Why do experiments work?
To understand why experiments work as tools for making inferences about cause-and-effect, take a look at the logic behind one of the simplest experiments you can do: the A/B test.
If you don’t feel like reading a detailed example, take a look at this GIF and then skip to the final section (“The secret sauce is randomization”):
If you prefer a thorough example, I’ve got you covered.
Imagine that your company has had a grey logo for a few years. Now that all your competitors have grey logos too (imitation is the sincerest form of flattery), your execs insist on rebranding to a brighter color… but which one?
The logo your users see is grey, but that’s about to change.
After a careful assessment of what’s practical given your company’s website color scheme, your design team identifies the only two feasible candidates: blue and orange.
The CEO’s favorite color is blue, so she picks approving blue as the default action. In other words, she’s saying that if there’s no further information, she’s happy to err on the side of blue. Luckily for you, she’s a strong data-driven leader who is willing to allow data to change her mind to orange.
In order to switch to the alternative action of approving an orange logo, the CEO requires evidence that an orange logo causes your current user population to click more (relative to blue) on specific parts of your website.
You’re the senior data scientist at your company, so your ears prick up.

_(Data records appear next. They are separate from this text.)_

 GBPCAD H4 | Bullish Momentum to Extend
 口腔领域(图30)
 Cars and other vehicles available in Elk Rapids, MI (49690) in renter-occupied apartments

You immediately identify that your CEO’s approach to decision-making fits the framework from frequentist statistics. After listening to her carefully, you confirm that her null and alternative hypotheses have to do with matters of cause-and-effect. That means you need to do an experiment! Summarizing what she tells you:
Default action: Approve blue logo. Alternative action: Approve orange logo. Null hypothesis: Orange logo does not cause at least 10% more clicking than blue logo. Alternative hypothesis: Orange logo does cause at least 10% more clicking than blue logo.
Why 10%? That’s the minimum effect size your CEO was willing to accept. If a decision-maker cares about effect sizes, those should be baked into the hypothesis test up front. Testing a null hypothesis of “no difference” is an explicit statement that you don’t give a damn about effect sizes.
For a setup like this one, an A/B test is the perfect experimental design. (For other cause-and-effect decisions, you may need other designs. Though I’ll only cover A/B testing here, the logic behind the more complicated designs is similar.)
So, let’s do an A/B test!
Live traffic experimentation
There are all kinds of ways to run A/B tests. What you see in psychology labs (and focus group studies) tends to involve inviting people off the street, showing different stimuli to different folks at random, then asking them questions. Alas, your CEO is looking for something more difficult. Her question can only be answered with a live traffic experiment, which is exactly what it sounds like: you’ll be serving different versions of your logo live to different users as they go about their usual business on your website.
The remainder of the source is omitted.